Mam taki problem z moja 166 2.0 Twin Smark - od ok 2 tyg bardzo niemrawo się zbiera - wolno rozpędza, wcześniej było idealnie, teraz potrafi minąć 2-4s zanim nabierze prędkości. W miejscu na obroty wchodzi ok, jedynie na zimnym silniku oboty są nieco za duże i falują lekko, po rozgrzaniu to ustępuje. Do tego wzrosło spalanie o ok 3litry/100km. Brak mocy zbierania do odlotu potęguje się gdy jeżdzę na gazie - myślałem że coś się rozregulowało i pojechałem do gazownika. Podłączył pod kompa i wywalilo mu trochę błędów - zbyt mocno otwarte wtryskiwacze paliwa, zbyt wysokie obroty na biegu jalowym.

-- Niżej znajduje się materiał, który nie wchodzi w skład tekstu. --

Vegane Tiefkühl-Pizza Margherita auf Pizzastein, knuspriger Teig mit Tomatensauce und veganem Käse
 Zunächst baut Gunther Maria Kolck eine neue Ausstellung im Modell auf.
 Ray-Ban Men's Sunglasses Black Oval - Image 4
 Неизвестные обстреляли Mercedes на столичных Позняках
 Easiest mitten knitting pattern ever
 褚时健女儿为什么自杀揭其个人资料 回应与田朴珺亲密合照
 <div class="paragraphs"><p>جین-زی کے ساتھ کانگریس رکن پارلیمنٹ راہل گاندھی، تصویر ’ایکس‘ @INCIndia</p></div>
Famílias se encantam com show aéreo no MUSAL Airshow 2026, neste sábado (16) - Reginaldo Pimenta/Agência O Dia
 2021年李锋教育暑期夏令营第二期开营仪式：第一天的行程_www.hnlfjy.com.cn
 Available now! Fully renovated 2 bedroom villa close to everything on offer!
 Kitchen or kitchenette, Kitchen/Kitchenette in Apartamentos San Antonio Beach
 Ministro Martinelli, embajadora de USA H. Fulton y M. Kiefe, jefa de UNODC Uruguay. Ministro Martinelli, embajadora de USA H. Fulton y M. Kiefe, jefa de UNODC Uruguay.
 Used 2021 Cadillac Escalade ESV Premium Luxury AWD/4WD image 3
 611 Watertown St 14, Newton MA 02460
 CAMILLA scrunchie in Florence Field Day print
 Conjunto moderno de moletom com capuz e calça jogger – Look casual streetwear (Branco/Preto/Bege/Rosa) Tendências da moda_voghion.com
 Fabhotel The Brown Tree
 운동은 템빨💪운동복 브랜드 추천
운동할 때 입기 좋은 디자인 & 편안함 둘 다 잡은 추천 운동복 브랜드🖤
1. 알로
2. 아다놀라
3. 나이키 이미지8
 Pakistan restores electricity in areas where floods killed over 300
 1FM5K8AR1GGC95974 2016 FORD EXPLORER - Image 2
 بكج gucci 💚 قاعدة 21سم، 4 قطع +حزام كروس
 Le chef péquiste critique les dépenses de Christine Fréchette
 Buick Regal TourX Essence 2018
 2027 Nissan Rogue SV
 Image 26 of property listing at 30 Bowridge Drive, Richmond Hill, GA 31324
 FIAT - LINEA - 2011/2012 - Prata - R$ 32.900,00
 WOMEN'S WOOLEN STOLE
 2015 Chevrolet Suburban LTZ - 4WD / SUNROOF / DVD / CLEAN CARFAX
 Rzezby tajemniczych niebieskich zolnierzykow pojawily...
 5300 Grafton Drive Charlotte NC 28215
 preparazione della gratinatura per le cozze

Do tego stwierdził, że taki mały kurek od płynu chłodniczego się zapaca i tam może go ubywać (potwierdziłem). Stwierdził też że tak jakby dostawało lewego powietrza - po czym odesłał mnie do mechanika.
Jako, że już trochę słabo z kasą stoje chciałbym we własnym zakresie coś ruszyć:
- czy może być to spowodowane słabym stanem rury dolotowej do przepustnicy? taka zakrzywiona poprążkowana - już jest w stanie słabym, jak się fachowo ta częśc nazywa?
- pod grilem, po prawej stronie na samym dole znalazłem plastikową rurę która była rozłączona - czy tak powinno być? Ta rura idzie do filtra powietrza ale dalej nie mam pojęcia dokąd, po kupnie auta tak już była rozłączona, ostatnio to dopiero zauważyłem.
- jak fachowo nazywa się ten mały zaworek gumowy który się zapaca? jest on na gumowej rurze i pewnie trzeba całość wymienić? zlokaliszowany jest zaraz obok zbiornika na płyn chłodniczy po jego lewej stronie patrząc od strony silnika.
te części chaiłbym zakupić, może ktoś ma w dobrym stanie za rozsądną cene?